* **Task details**:
Repeat the listing exactly, line by line, and leave the pictures behind.

* **Supplied material**:
★ ★ ★
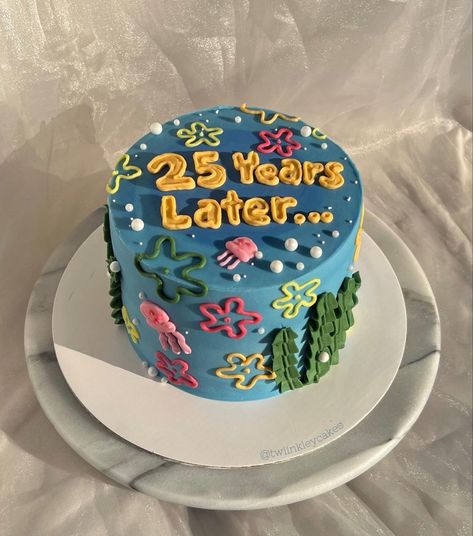 Spongebob Birthday Cake, Masakan Malaysia, Ugly Cakes, 25 Years Later, Small Birthday Cakes, Decorate A Cake, 25th Birthday Cakes, Spongebob Cake, Spongebob Party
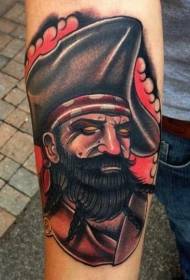 pirate and triangle hat painted arm tattoo pattern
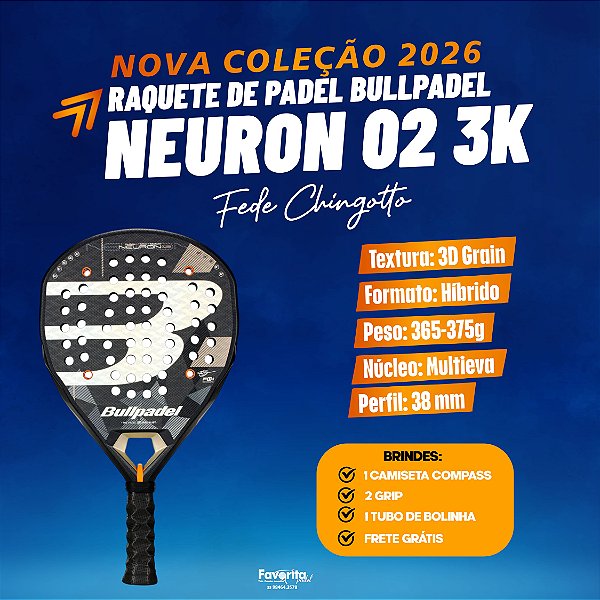 [PRÉ-VENDA] Raquete Padel Bullpadel Neuron 02 2026 3k - Fede Chingotto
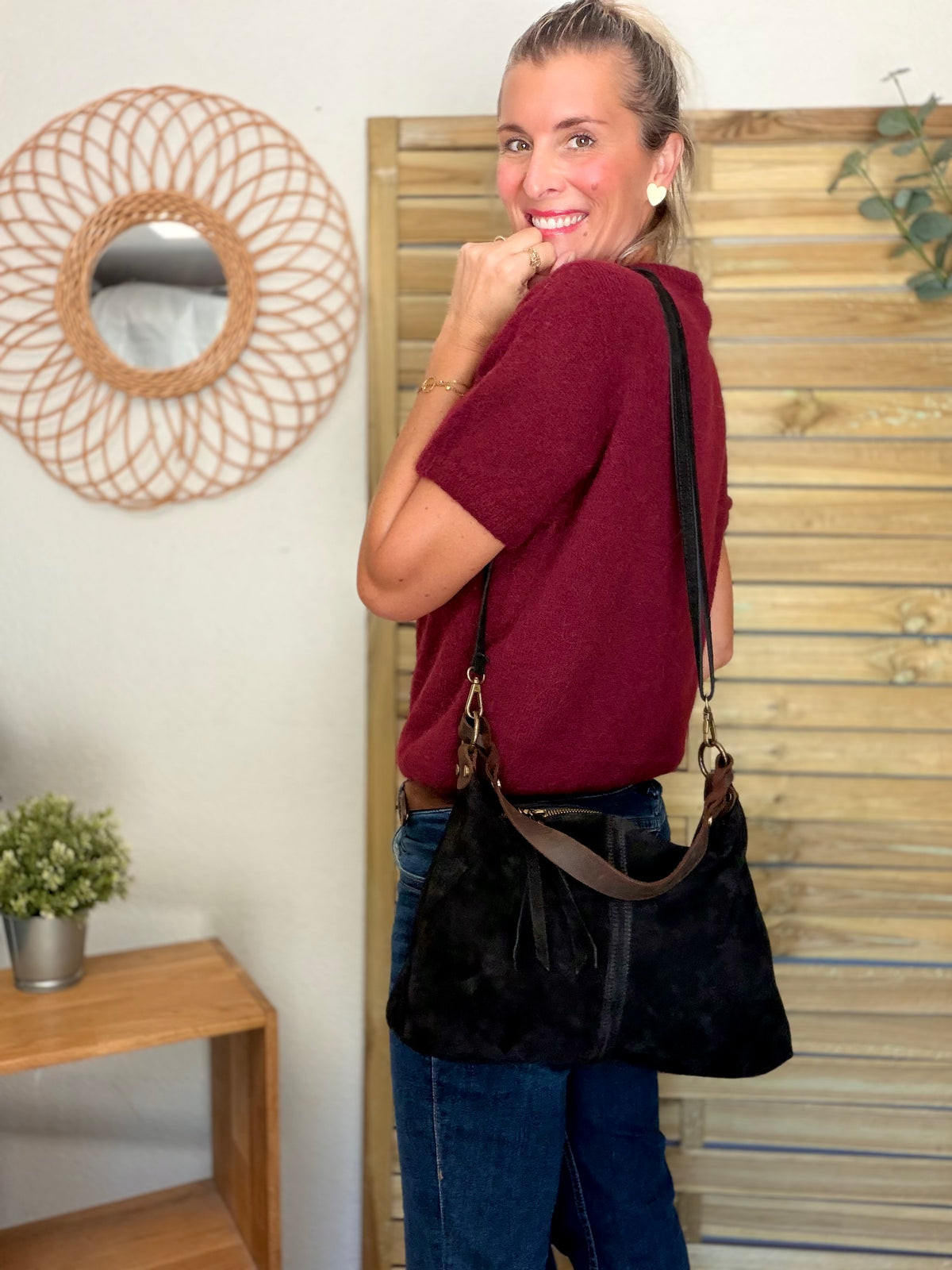 Pull laine et alpaga PEGGY - Bordeaux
★ ★ ★
* **Result**:
 Spongebob Birthday Cake, Masakan Malaysia, Ugly Cakes, 25 Years Later, Small Birthday Cakes, Decorate A Cake, 25th Birthday Cakes, Spongebob Cake, Spongebob Party
 pirate and triangle hat painted arm tattoo pattern
 [PRÉ-VENDA] Raquete Padel Bullpadel Neuron 02 2026 3k - Fede Chingotto
 Pull laine et alpaga PEGGY - Bordeaux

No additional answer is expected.